# Problem details
Once you have located the line containing "Чемодан-спиннер Grott 338-1001/3-28" in the material below, return it exactly along with each line after it through the line containing "Italia, Vittorio Emanuele".
^^^^^^^^^^^^^^^^
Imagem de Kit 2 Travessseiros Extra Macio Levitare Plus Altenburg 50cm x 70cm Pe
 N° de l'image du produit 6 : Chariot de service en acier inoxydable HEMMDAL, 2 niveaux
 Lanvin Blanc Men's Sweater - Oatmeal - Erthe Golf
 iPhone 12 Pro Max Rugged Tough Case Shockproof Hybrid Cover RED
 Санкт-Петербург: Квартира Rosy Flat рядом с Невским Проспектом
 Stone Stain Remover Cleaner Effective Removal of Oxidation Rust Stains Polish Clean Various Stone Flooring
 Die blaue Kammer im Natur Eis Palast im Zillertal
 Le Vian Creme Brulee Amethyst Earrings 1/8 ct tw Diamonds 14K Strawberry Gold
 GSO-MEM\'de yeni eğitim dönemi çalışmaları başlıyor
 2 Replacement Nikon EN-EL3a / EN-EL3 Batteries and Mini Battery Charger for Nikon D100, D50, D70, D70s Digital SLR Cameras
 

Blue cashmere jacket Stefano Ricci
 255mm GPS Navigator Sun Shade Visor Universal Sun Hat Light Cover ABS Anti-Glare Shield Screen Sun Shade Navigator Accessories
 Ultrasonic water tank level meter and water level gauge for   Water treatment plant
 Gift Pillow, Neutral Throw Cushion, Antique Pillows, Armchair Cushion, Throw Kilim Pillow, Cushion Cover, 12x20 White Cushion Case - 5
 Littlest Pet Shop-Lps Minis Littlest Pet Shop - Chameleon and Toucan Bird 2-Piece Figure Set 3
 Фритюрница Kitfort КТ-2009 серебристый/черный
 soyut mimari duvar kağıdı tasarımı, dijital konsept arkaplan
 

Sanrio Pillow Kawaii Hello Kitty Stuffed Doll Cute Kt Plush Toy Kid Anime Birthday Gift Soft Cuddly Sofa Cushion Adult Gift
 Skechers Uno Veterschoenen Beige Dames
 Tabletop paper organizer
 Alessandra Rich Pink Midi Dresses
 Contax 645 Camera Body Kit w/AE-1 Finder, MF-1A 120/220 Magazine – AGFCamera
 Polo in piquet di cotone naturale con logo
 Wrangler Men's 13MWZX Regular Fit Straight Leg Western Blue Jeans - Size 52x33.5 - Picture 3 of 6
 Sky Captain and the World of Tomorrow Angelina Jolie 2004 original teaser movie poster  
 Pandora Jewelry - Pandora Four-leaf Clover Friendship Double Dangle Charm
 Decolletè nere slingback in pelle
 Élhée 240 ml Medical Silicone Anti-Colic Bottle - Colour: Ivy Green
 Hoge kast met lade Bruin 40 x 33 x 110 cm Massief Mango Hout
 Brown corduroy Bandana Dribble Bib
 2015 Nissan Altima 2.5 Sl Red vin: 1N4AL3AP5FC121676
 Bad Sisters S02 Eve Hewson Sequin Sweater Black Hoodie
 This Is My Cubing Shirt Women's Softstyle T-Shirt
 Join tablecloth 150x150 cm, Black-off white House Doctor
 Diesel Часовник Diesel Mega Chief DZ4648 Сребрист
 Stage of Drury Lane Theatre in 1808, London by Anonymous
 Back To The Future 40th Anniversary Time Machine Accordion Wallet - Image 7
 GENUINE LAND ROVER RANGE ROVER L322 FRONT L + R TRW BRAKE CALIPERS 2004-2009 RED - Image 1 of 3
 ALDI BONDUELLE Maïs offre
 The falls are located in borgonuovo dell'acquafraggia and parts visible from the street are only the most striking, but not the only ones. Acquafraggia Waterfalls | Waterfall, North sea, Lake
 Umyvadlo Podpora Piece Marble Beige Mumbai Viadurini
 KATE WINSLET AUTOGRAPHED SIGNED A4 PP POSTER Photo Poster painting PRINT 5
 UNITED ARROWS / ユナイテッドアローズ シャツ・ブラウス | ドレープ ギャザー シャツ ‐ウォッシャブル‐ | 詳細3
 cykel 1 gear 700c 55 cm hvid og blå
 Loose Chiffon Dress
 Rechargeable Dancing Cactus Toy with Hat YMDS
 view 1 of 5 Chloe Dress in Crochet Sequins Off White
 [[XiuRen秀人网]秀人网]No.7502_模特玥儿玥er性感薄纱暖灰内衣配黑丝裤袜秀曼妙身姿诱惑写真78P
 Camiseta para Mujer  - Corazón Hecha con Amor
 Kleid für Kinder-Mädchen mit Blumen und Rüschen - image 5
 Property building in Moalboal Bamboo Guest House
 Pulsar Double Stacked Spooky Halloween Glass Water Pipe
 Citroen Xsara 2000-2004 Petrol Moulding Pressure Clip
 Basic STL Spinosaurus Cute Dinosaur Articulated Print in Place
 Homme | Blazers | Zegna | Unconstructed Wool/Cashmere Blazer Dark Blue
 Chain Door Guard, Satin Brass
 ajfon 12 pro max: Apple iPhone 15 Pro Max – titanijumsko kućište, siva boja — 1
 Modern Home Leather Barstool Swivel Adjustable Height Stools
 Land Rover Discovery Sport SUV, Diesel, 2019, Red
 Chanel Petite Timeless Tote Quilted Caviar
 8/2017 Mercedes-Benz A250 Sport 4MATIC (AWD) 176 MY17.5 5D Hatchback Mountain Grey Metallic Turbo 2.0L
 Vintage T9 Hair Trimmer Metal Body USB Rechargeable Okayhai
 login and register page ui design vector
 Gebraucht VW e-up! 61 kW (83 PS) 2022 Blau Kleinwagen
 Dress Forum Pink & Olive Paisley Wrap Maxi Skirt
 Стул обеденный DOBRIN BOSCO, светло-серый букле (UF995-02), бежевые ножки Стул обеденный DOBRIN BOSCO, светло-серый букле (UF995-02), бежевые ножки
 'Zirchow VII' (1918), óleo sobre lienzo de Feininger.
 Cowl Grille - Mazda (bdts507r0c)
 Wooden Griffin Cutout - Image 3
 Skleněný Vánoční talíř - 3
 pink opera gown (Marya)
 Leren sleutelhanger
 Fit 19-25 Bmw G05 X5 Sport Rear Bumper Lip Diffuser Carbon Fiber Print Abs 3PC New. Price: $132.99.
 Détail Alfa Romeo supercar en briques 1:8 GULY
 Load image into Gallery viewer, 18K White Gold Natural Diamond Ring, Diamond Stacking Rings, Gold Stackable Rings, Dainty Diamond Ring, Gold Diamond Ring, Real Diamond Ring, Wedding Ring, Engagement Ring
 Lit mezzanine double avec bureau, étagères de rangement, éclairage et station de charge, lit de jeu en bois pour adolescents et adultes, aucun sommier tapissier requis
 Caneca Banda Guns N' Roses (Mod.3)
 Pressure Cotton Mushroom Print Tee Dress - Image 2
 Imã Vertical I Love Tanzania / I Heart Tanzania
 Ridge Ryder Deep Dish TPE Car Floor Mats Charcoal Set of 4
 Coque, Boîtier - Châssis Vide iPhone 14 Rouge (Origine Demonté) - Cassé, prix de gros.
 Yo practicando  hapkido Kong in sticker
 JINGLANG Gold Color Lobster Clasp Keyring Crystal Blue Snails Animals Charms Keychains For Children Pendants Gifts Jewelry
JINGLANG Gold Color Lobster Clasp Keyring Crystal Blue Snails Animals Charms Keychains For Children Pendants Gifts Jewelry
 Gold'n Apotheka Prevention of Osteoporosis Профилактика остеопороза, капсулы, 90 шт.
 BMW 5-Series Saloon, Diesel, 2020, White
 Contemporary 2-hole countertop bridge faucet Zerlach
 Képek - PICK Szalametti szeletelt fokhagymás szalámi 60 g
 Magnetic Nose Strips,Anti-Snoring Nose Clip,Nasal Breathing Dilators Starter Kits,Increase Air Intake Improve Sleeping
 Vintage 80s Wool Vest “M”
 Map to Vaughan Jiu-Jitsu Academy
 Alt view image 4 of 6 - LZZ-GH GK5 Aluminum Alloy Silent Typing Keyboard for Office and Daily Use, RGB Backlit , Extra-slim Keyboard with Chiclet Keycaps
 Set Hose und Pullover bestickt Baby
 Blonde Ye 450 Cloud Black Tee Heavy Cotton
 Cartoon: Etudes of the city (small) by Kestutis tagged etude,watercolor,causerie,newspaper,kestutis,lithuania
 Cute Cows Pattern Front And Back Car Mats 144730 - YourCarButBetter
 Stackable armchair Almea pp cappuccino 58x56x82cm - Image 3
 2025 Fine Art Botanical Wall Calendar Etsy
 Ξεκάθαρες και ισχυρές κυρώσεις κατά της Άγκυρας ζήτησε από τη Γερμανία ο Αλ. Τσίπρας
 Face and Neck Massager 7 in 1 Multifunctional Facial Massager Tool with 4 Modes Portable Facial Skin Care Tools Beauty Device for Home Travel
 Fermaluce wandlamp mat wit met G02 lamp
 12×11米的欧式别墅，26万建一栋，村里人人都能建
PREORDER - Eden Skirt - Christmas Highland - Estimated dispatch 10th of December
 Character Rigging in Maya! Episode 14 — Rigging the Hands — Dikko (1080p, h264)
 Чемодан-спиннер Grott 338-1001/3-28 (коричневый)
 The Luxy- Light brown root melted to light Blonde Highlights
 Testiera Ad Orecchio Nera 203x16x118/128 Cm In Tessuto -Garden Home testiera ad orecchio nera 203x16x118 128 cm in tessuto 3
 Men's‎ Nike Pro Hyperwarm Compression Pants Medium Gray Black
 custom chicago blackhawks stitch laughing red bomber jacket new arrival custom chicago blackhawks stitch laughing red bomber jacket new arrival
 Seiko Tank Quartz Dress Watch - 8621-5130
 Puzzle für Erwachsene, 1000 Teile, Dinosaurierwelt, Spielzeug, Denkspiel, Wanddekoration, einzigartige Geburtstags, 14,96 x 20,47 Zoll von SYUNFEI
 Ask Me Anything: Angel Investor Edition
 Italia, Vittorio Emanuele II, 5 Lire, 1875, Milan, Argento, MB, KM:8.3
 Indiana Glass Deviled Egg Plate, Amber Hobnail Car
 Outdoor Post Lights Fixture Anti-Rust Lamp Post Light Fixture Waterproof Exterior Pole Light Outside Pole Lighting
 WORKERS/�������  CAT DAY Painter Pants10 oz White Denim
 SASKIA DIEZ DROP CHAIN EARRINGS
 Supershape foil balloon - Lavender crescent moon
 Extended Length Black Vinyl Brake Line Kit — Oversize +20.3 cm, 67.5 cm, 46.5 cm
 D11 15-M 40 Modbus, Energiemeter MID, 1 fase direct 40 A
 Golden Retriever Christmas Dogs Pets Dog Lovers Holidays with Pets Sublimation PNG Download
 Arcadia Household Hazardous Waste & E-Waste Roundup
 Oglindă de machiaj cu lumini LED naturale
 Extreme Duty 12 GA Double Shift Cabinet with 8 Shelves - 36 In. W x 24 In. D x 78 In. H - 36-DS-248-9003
^^^^^^^^^^^^^^^^
# Exercise solution
 Чемодан-спиннер Grott 338-1001/3-28 (коричневый)
 The Luxy- Light brown root melted to light Blonde Highlights
 Testiera Ad Orecchio Nera 203x16x118/128 Cm In Tessuto -Garden Home testiera ad orecchio nera 203x16x118 128 cm in tessuto 3
 Men's‎ Nike Pro Hyperwarm Compression Pants Medium Gray Black
 custom chicago blackhawks stitch laughing red bomber jacket new arrival custom chicago blackhawks stitch laughing red bomber jacket new arrival
 Seiko Tank Quartz Dress Watch - 8621-5130
 Puzzle für Erwachsene, 1000 Teile, Dinosaurierwelt, Spielzeug, Denkspiel, Wanddekoration, einzigartige Geburtstags, 14,96 x 20,47 Zoll von SYUNFEI
 Ask Me Anything: Angel Investor Edition
 Italia, Vittorio Emanuele II, 5 Lire, 1875, Milan, Argento, MB, KM:8.3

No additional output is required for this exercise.